Using nConf and Azure to avoid leaking secrets on GitHub
Azure, Node.js By Dave Ward. Posted February 26, 2013GitHub recently released a new version of its search feature. Unfortunately, it quickly became obvious that the feature could be misused to locate data that wasn’t intended to be exposed publicly. Passwords, oAuth tokens, and private API keys are particularly common in source code, and well-crafted searches to find them were making the social media rounds almost immediately after the new feature was released.
Of course, this sort of thing is nothing new. Similar Google searches have been possible for years. However, GitHub currently seems to house a concentration of particularly sensitive secrets. Maybe that’s because it’s so easy to accidentally commit these things along with associated code with a quick git commit -a.
I’ve been working on a few Node.js projects hosted on Windows Azure lately, and one in particular is stored in a public GitHub repository but needs access to private oAuth keys. So, this topic is something I’ve been dealing with myself lately. Through that project, I’ve been fortunate enough to stumble onto a nice symbiosis between Azure and a Node.js module called nConf that solves the problem of storing secrets in my public repositories.
Adding nConf to your Node.js app
nConf is a simple, but handy, module by Charlie Robbins. As with any other npm module, adding nConf to your app is easy. A quick npm install nconf from your project’s root directory will do it:

You’ll see npm downloading nConf and its dependencies, and then you’ll be ready to start using the module in your code right away.
I can’t say enough good things about how well the folks at Joyent and Microsoft have made this work on Windows. I have a MacBook and I host this site on an Ubuntu VPS, but I still do the overwhelming majority of my serious development work on a Windows 8 desktop. In the early days, working with Node.js on my Windows desktop was tedious and painful, but things have changed significantly for the better during 2012. Kudos to everyone involved in making that happen.

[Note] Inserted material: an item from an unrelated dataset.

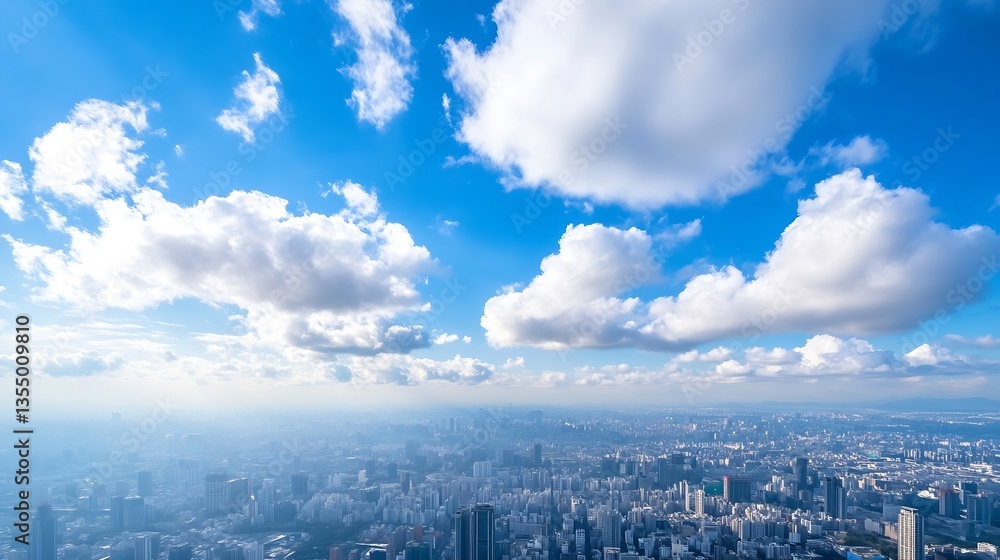 Breathtaking aerial view of urban cityscape under a vibrant blue sky dotted with white fluffy clouds : Generative AI Breathtaking aerial view of urban cityscape under a vibrant blue sky dotted with white fluffy clouds : Generative AI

Using nConf to read settings from a config file
With nConf installed, exposing configurable settings for your app is simple. For example, let’s say we want our app to have a configurable username and password. You might create a file called settings.json like this:
{ "username": "dave@encosia.com", "password": "password123" }
Then, you could pull those settings into your application with code like this:
var nconf = require('nconf'); nconf.file('settings.json'); var username = nconf.get('username'), password = nconf.get('password'); // Output: dave@encosia, your password is password123 console.log(username, ', your password is:', password);
That’s a handy way to read in settings from a config file, but this approach alone brings us right back the point where settings.json might accidentally get committed to a public repository.
Reading environment variables instead of a config file
Along with pulling settings out of a JSON file, nConf also supports reading arguments from environment variables. That’s particularly useful if your app is hosted on a PaaS like Azure that allows you to configure those environment variables through an interface that’s independent of your code.

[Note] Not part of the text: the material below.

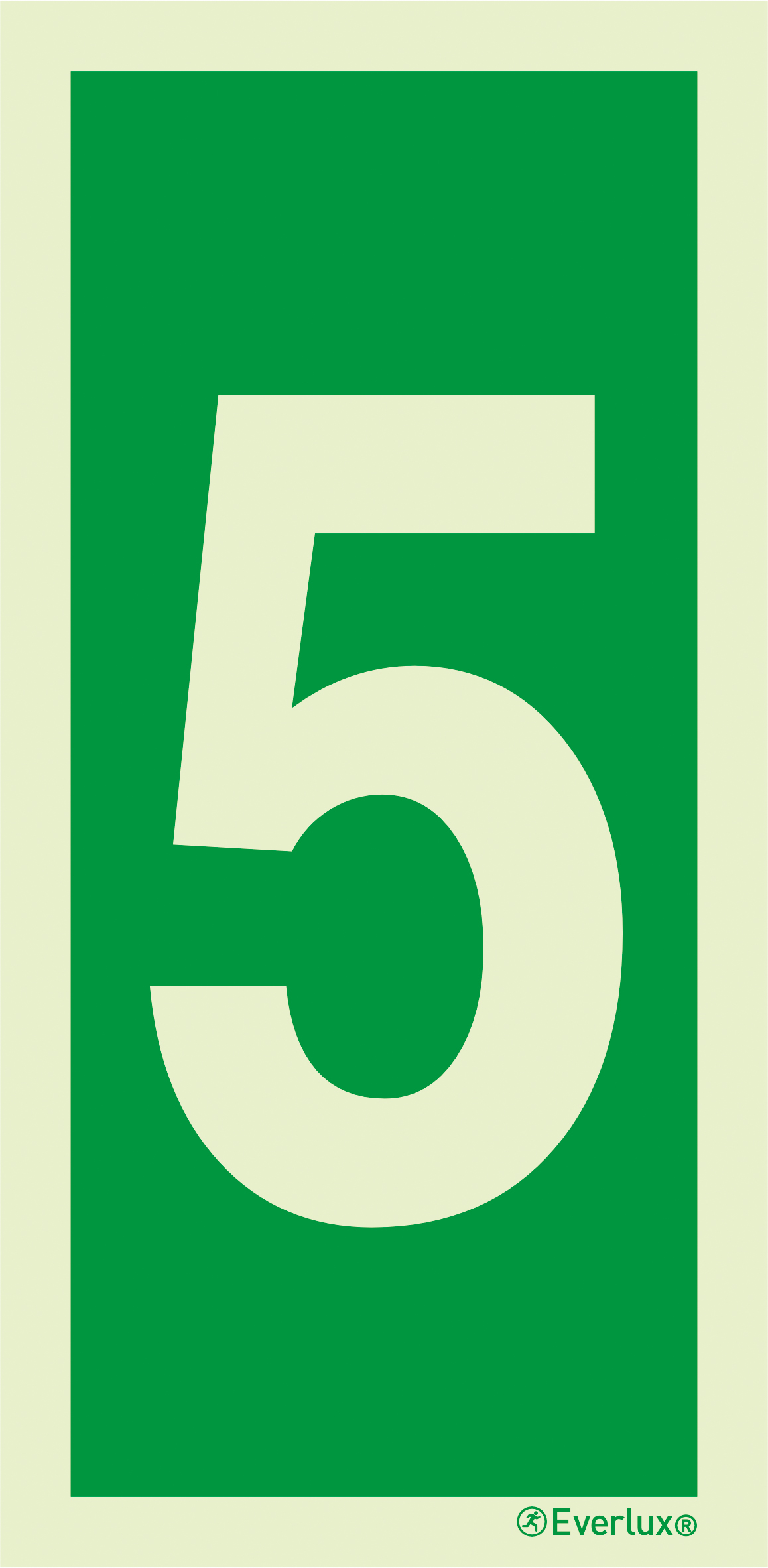 Photoluminescent 1.2mm rigid plastic 200x400mm Number 5 - IMO sign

For example, providing a username and password setting in this section of Azure’s “Configure” tab makes those settings available to Node as environment variables:
That’s great because nConf can read configuration from environment variables just as easily as a JSON file. All you need to do is a call nconf.env() instead of nconf.file():
var nconf = require('nconf'); nconf.env(); var username = nconf.get('username'), password = nconf.get('password'); // Output: dave@encosia, your password is hunter2 console.log(username, ', your password is:', password);
By itself, that’s not particularly impressive. You could also read those environment variables via process.env.username and process.env.password, without any extra modules.
However, the beauty of nConf is that you can combine both approaches.
The best of both worlds
Using environment variables works pretty well once the code is deployed to Azure, but I think the simple config file is a lot more convenient when I’m developing locally. The best thing about nConf is that it supports reading settings from both locations, in the priority that you specify.

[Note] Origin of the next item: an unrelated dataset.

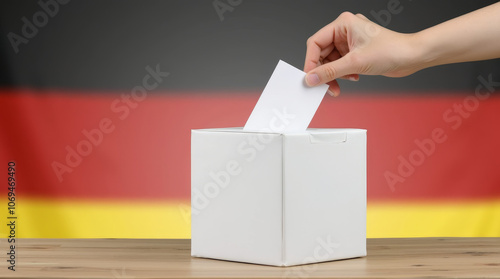 voting ballot box with german flag. bundestagswahlen. neuwahlen. wahlbox. photo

So, you can use a settings file locally, but supersede that with environment variables if they’re present (i.e. once deployed to Azure). To do that, you can chain nConf initialization calls to both .file() and .env():
var nconf = require('nconf'); nconf.file('settings.json') .env(); var username = nconf.get('username'), password = nconf.get('password'); console.log(username, ', your password is:', password);
Now, running this locally with the settings.json file from earlier will output “password123″, but deploying it to the Azure site with the app settings shown above will change the output to… a 500 error, of course.
This simple example code doesn’t handle HTTP requests, nor does it output HTTP responses, so running it on Azure doesn’t work. But, the password variable will be correctly initialized to “hunter2″ instead of “password123″ when running on Azure with the environment variables we set in the previous section.
Now, add settings.json to your .gitignore and you’ll never need to worry about pushing your local, potentially-sensitive, credentials to a public repository.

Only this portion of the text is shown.